For this to happen, though, he will have to make good on his promise to heal Iran’s international relations — his biggest challenge. Can he do it?

Consider how and why he made the boldest decision of his long political career: to suspend Iran’s uranium enrichment program.

He announced this on Oct. 21, 2003 inside Sa’dabad, the shah’s old palace in north Tehran, at a meeting with the foreign ministers of France, Germany and Britain.

It was a fraught time in the nuclear crisis, which had begun in August 2002. when the Iranian opposition group, the MKO, revealed full details of two nuclear plants in Iran and brought the world’s suspicion down on Iran. Washington was then seeking to drag Iran to the Security Council — repeating its actions that led to the toppling of Saddam Hussein in Iraq.

Rohani was particularly nervous. He had battled hardliners (who objected to negotiations on principle) to arrange the Tehran meeting. Now, inside Sa’dabad, no one could agree on anything.

After almost two hours of fruitless talks, Rohani requested a pause in the negotiations. He used this to make two calls: one to then-President Khatami, and one to the supreme leader’s office.

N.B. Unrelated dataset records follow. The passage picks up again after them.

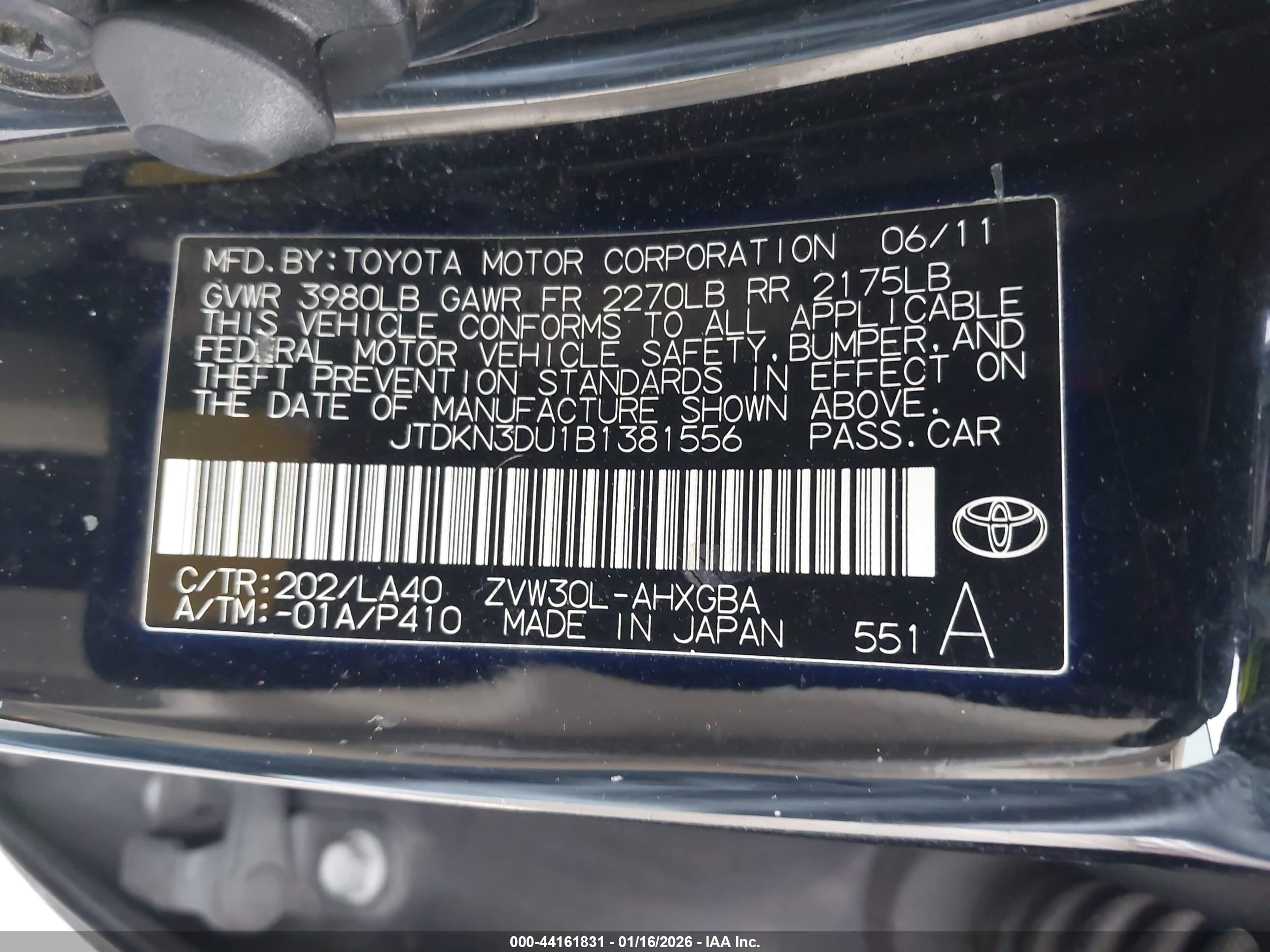 TOYOTA PRIUS image 9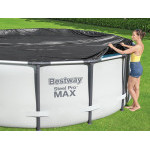 Bestway Pokrywa basenowa z konstrukcją 305 cm 58036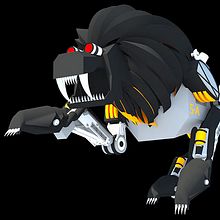 Grey Lion. Un proyecto de 3D, Diseño de juegos y Diseño de juguetes de Roberto Arróniz Velázquez - 09.03.2014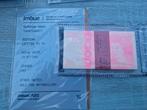 Imbue artist Counterfeit 2016 met certificaat, Ophalen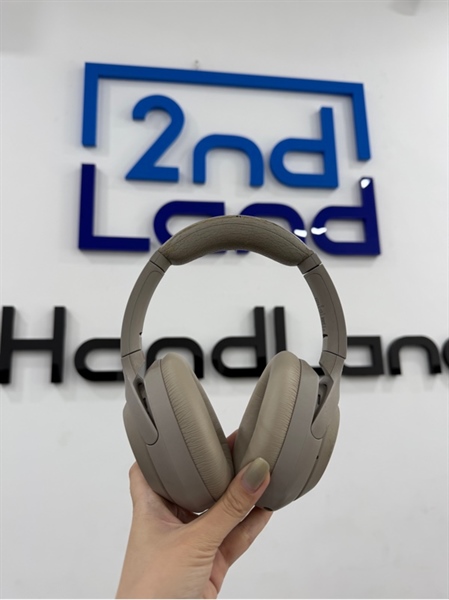 Tai nghe Sony WH1000 XM4 - Màu kem - Ngoại hình 97% - Tróc da - Body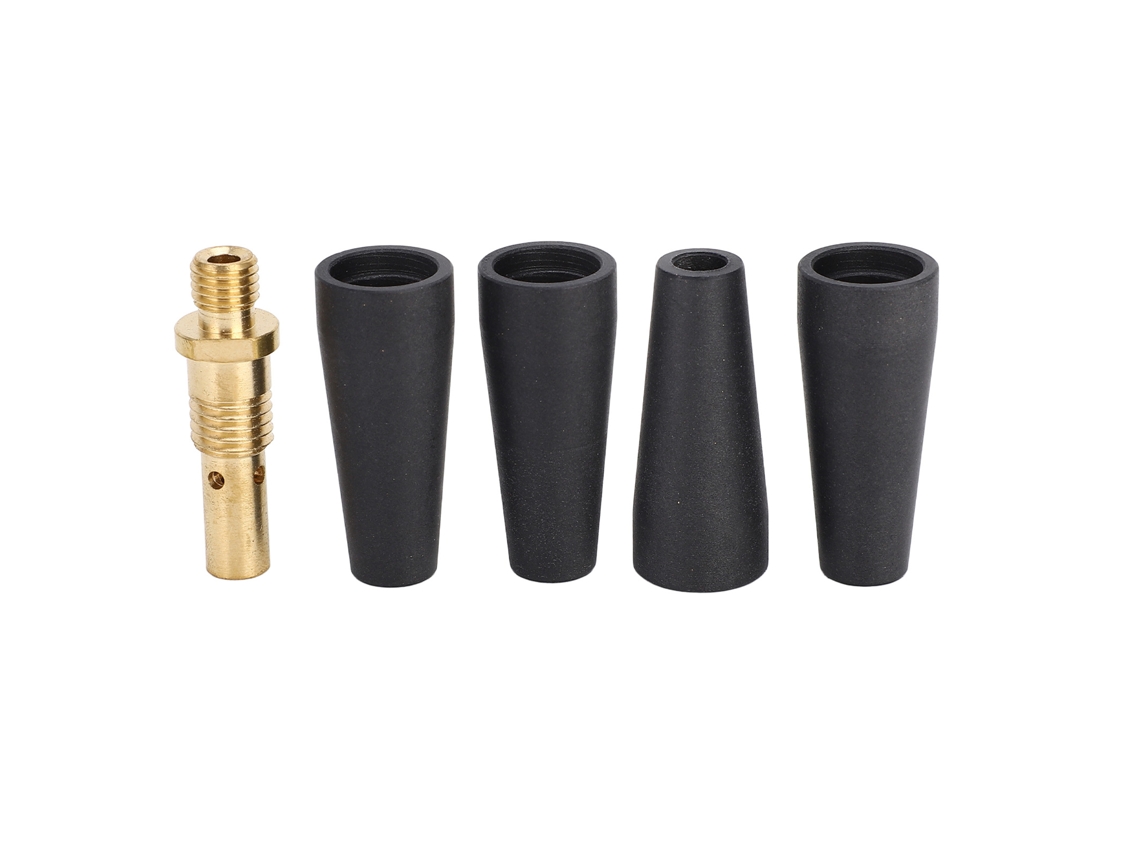 Kit De Polaridade Laxiscreed Sem Gás Para Soldadura Com Difusor De Latão, Compatível Com Century Fc90 80gl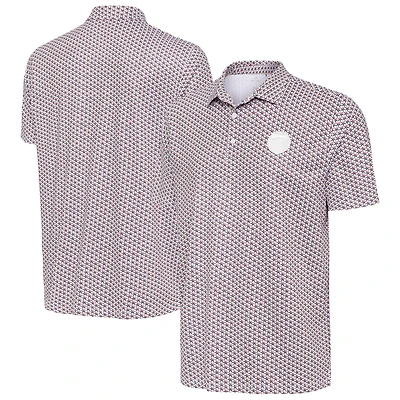 Men's Antigua White Portland Timbers Star Polo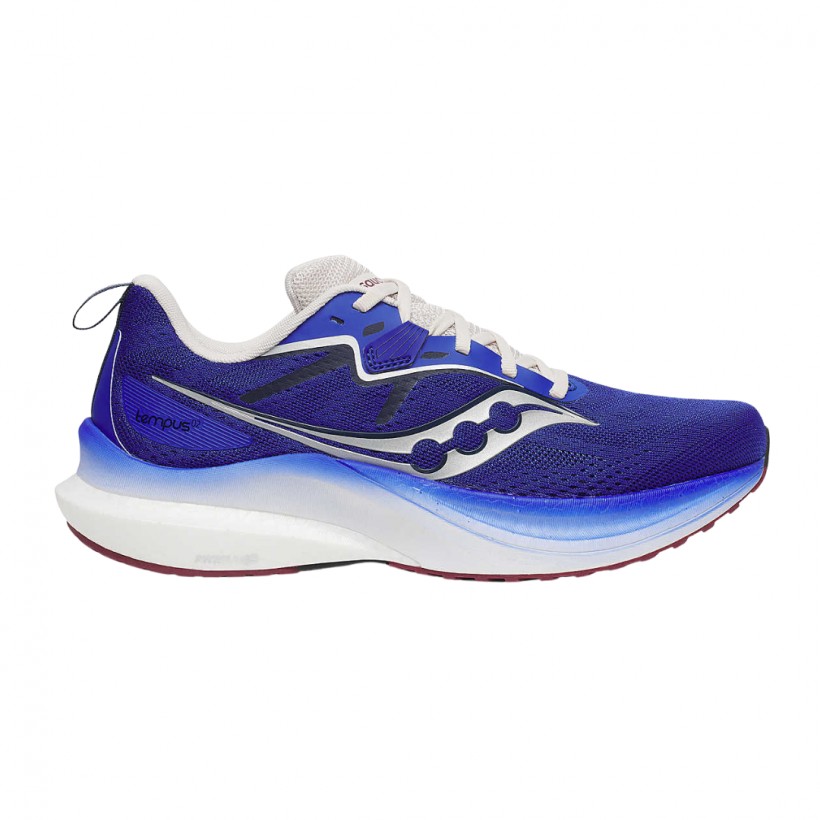 Buty Saucony Tempus 2 Niebiesko-białe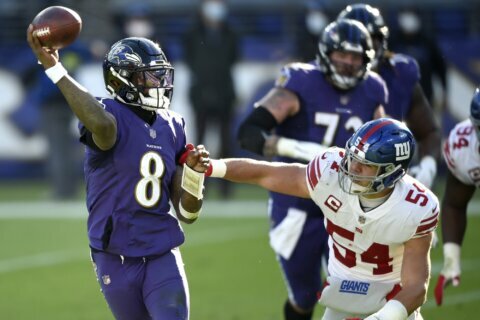 Ravens Jackson itching to add playoff win to solid resume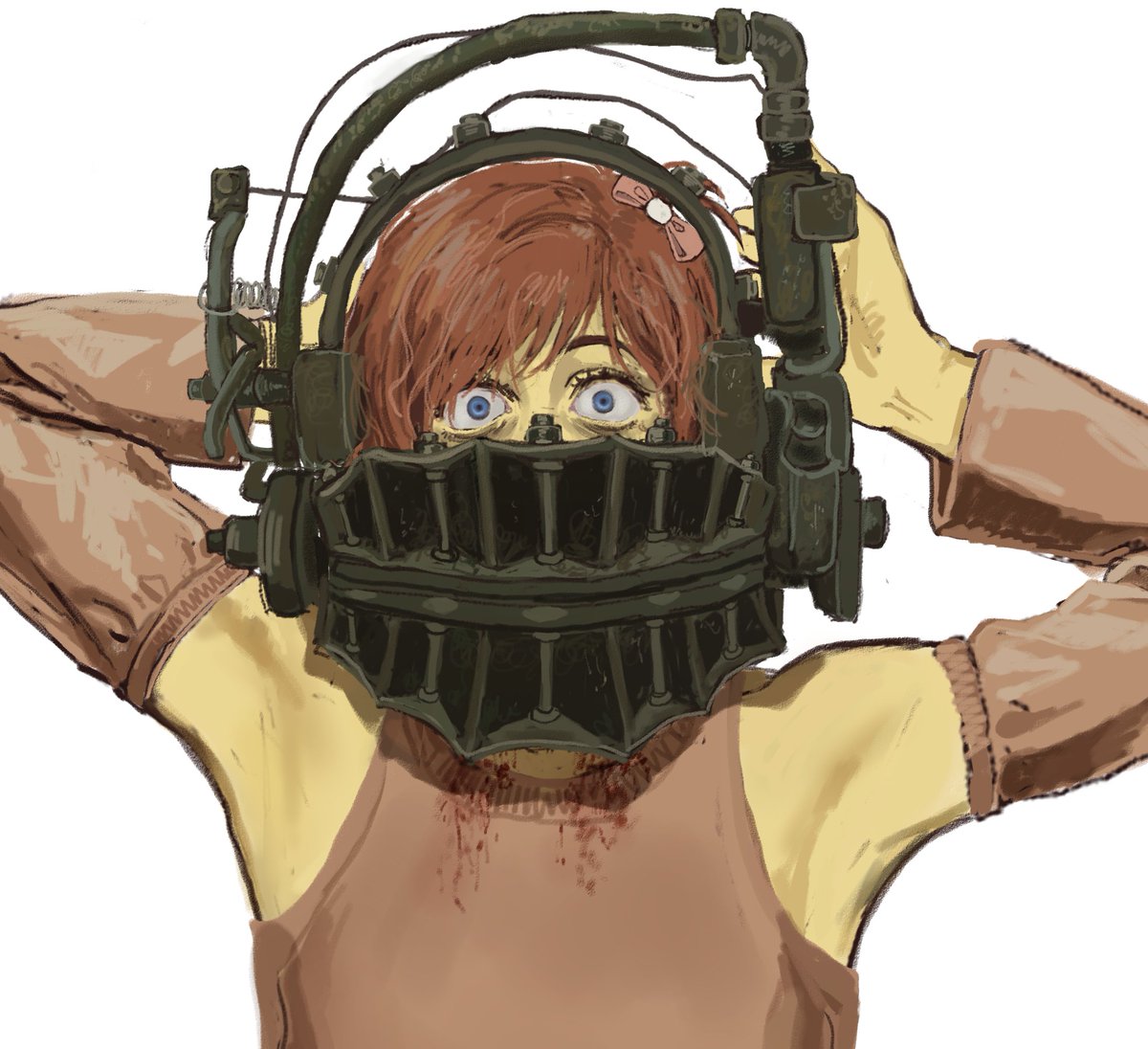 ATrafficCone_'s tweet photo. Alina in trouble https://t.co/qYPMJMP0NJ
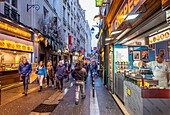 Frankreich, Paris, Quartier Latin, La Huchette, touristische Straße
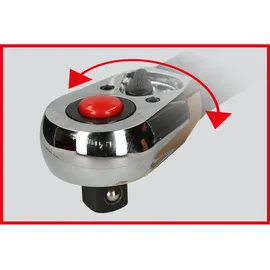 KS Tools Drehmomentschlüssel 516.1512 1/4" 5-25 Nm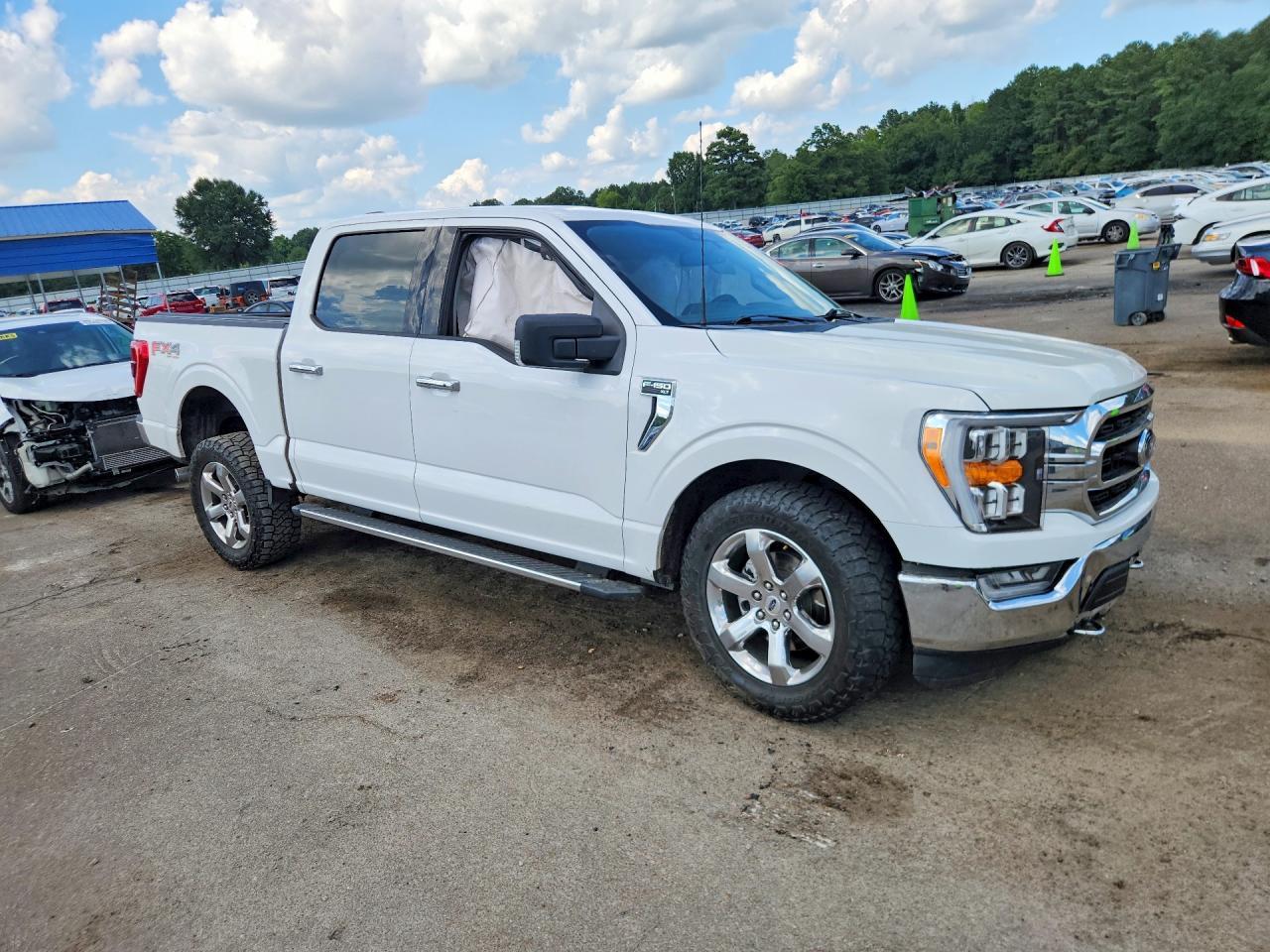 2021 Ford F150 Supercrew - zdjęcie 4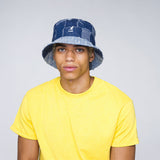 Kangol Denim Mash Up Bucket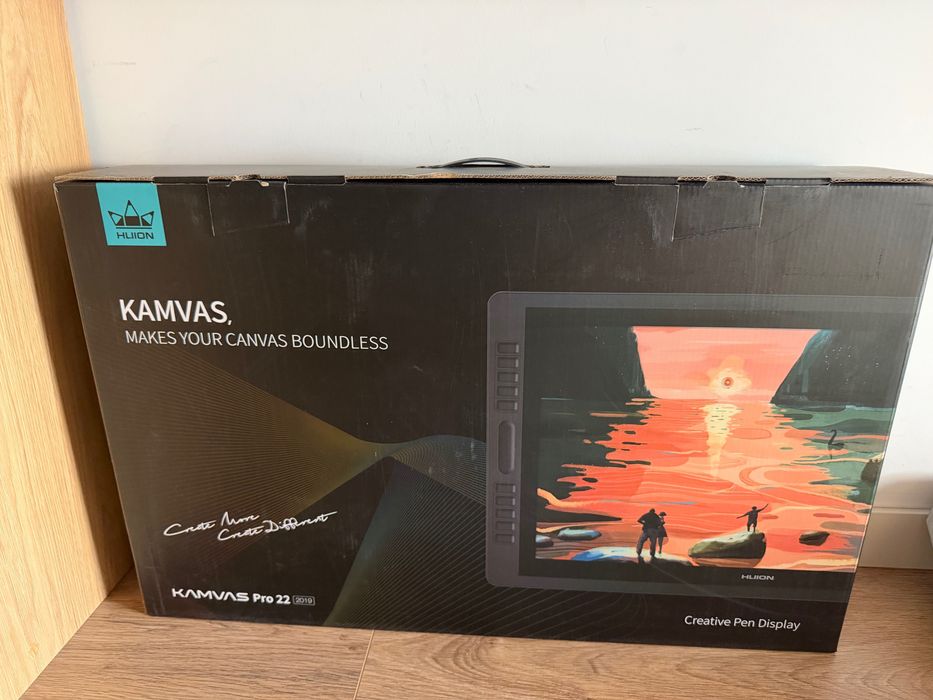 Plansa digitala de desen, Huion, Kamvas Pro 22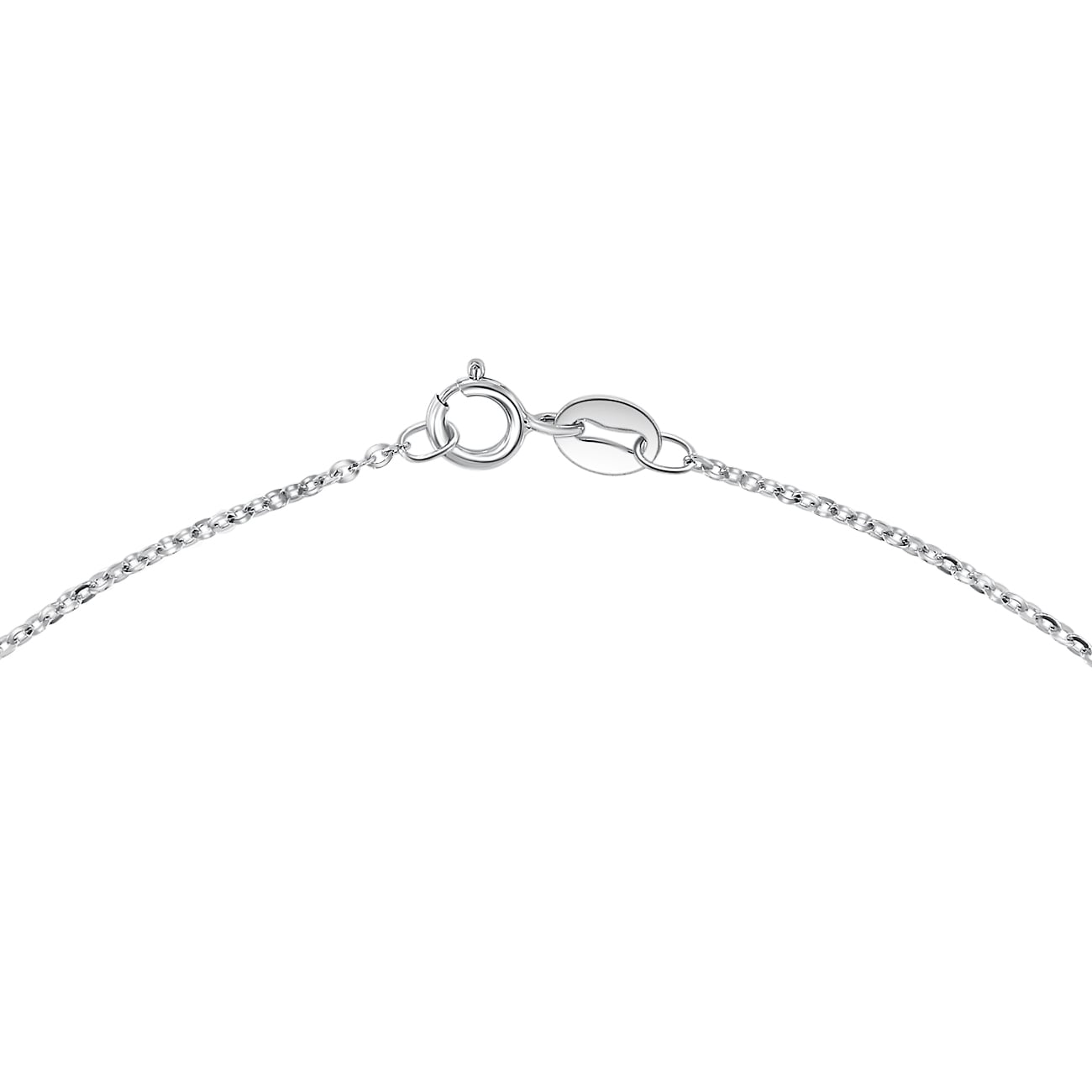LVC 925 Silver Classic Fine Link Chain
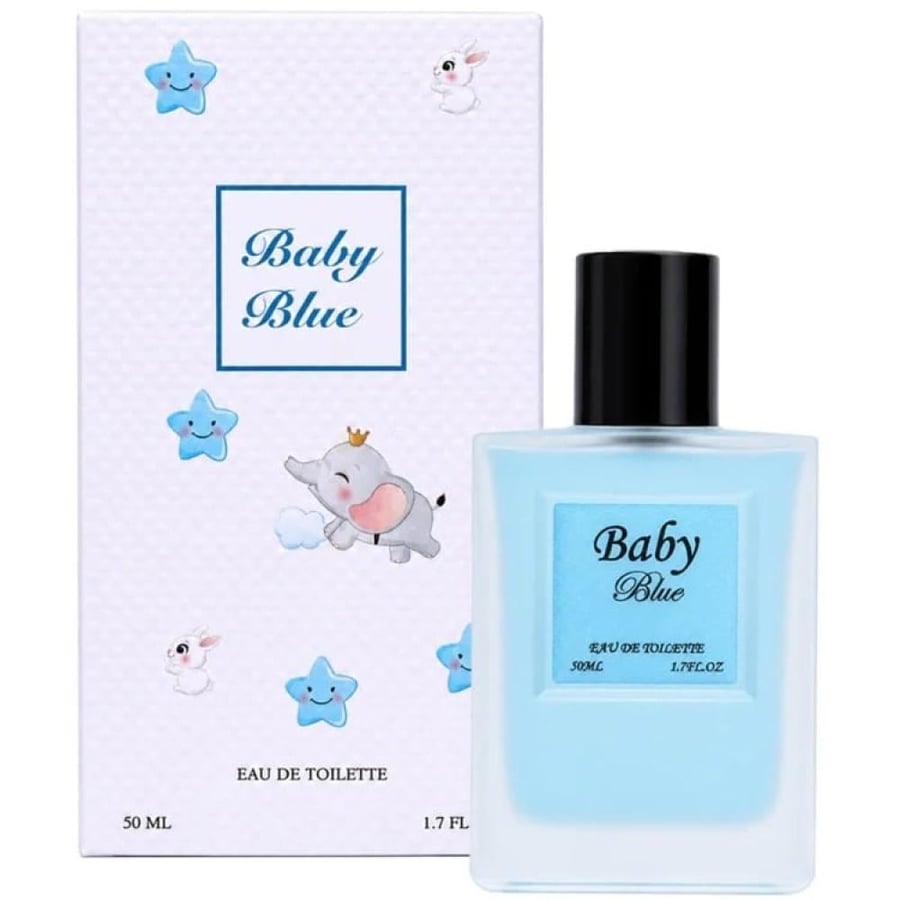 عطر بيبي بلو baby blu او دو تواليت 50 مل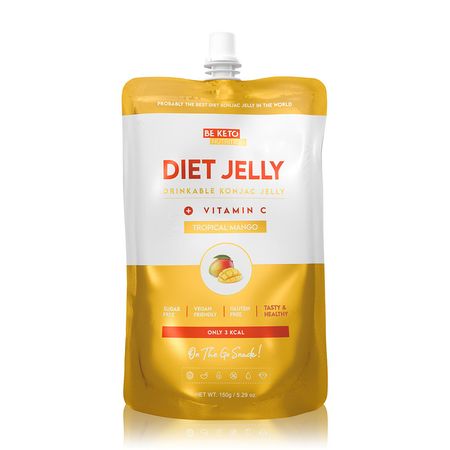 Galaretka Dietetyczna Konjac – Tropikalne Mango 150g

Iran must suspend enrichment, he told Khatami, or face possible military consequences. Khatami agreed. Rohani then called Khamenei’s office — but could not get hold of his boss. The supreme leader was most likely ducking the call, realizing the danger of the situation but unwilling to personally countenance a suspension.

So Rohani decided to act on his own initiative. When the meeting resumed, he announced he was taking a huge, personal risk, since he had received no instructions on this. But he said he willing to suspend uranium enrichment while negotiations on the overall nuclear file took place.

It remains the biggest diplomatic breakthrough in the history of the nuclear crisis.

The Tehran Agreement resulted, almost entirely, from Rohani’s understanding of the need to compromise, his ability to negotiate with the West and, most critical, his ability to make decisions that he knows are unpalatable to the supreme leader.

If the regime wants to make life easier for itself, then such decisions need to be made once more. Rohani is unlikely to be able to bring democracy to Iran. But he has a chance of lessening its international isolation, and its suffering.

During his presidential campaign, he repeatedly pointed out that on his watch as chief nuclear negotiator (from 2003 to 2005) Iran was never referred to the Security Council and suffered none of the sanctions currently crippling it.

Now, the big question is: Will he be allowed to do so?

Even in desperate economic times it won’t be easy. Khatami promised to bring change to Iran in 1997. He did — but it was temporary and largely cosmetic. Hardliners stifled his efforts to liberalize the Islamic Republic at every turn.

But Rohani is not Khatami — whose only public office before taking office was running Iran’s National Library. Rohani has been a player in the Islamic Republic’s political life since its founding in 1979. Consider that even Ahmadinejad ultimately fell afoul of Khamenei and saw his influence wane dramatically — he will need all his political skills and experience if he is to avoid the same fate.

Rohani’s power is limited, but he can change the tone of Iran’s diplomacy; and, if allowed, he can compromise on the nuclear program.

This time, Khamenei refrained from meddling with the election results. He should now refrain from meddling in Rohani’s attempts to undo the considerable damage of the Ahmadinejad years.

If Khamenei allows him the freedom to negotiate as he sees fit, he may just be able to help make the diplomatic breakthrough the world is waiting for.

*This abridged article is taken from Reuters.